Security approach for DevExpress XAF Application

0
votes

I am developing a Project Management type application using the DevEx eXpressApp Framework. I have been using it for a nearly a year now but am only just now getting around to using it's security model, and would like some help in defining an approach to implementing a requirement.

I have two classes: Project and Tasks. Project contains a child XPCollection (Property) of Tasks (named Tasks), such that I can type Project.Tasks.Add(Task t); All I need to be able to do is come up with a way to provide a user with the ability to see and edit specific Tasks within the Task Collection. As the Admin user, I need a way to "assign" User 1 to Tasks 1 and 3 of project P1 and Task 4 of Project P2. Then I would - for example - assign User 2 to Tasks 2 of project P1 and Tasks 1-3 of P2 There will be new projects all the time, so I need a flexible way of assigning/un-assigning users ad-hoc within the application.

  1. Project 1

    • Task 1 - User 1
    • Task 2 - User 2
    • Task 3 - User 1

  2. Project 2

    • Task 1 - User 2
    • Task 2 - User 2
    • Task 3 - User 2
    • Task 4 - User 1

When User 1 logs in and clicks on the Project 1 (in a ListandDetailView), they would see only the Tasks that they have been assigned to. Same is true for User 2. Neither user would see the entire set of Tasks for either Project.

I have created a dummy project and can only get to the point where each user sees all or none of the Tasks.

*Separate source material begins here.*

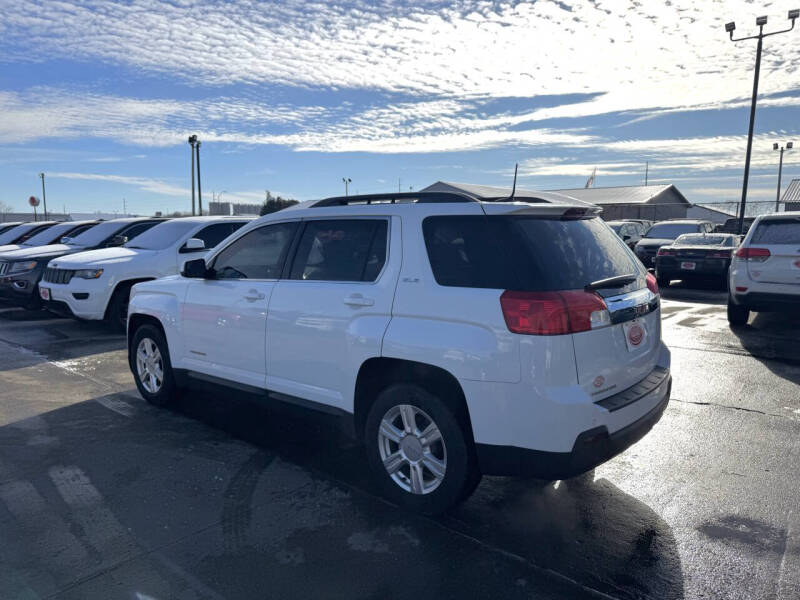 2014 GMC Terrain SLE-2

I'm thinking that the Object Permissions (using Criteria) approach is the way to go but can't think of what criteria to use.

I am wide open to design suggestions as they relate to the security model. Roles/groups/new classes etc.

But please ignore any possible application design issues not mentioned here like "Dependencies between tasks, etc..." I have a very specific requirement.

Please help!

Additional random info in case it helps.

  1. What version of the software are you running? DevExpress 12.1 (vx2)
  2. What’s your operating system? Windows Server 2008
  3. What exactly are you trying to do that won’t work? Set up Security in application to Limit the ability of the logged in User to see specific items in a Child Collection of an object
  4. Is the problem uniform or erratic? Uniform
  5. What’s the exact error message? No error yet; so far, i have figured out how to show all items in the collection or none
  6. When did it arise? N/a
  7. What exactly don’t you “get”? How to configure the security model to achieve my requirement
  8. Can you provide sample code, ideally with line errors where the error occurs? Don't have any code yet; just selecting the various Read/Write/Navigate, etc... checkboxes.
1
securitydevexpressxaf

1 Answers

1
votes

You have two options

  • use the 'New' security documented here and use an 'Read' object permission (as you suggest) with criteria something like Task.User = CurrentUserId()
  • handle the filtering with ViewControllers using the method described here which has the advantage of working with the older (pre 11.2) security system as well.

The first method is preferable, but the second method gives you more control and might be better if your rules to determine 'ownership' of a task are too complex to describe via simple criteria.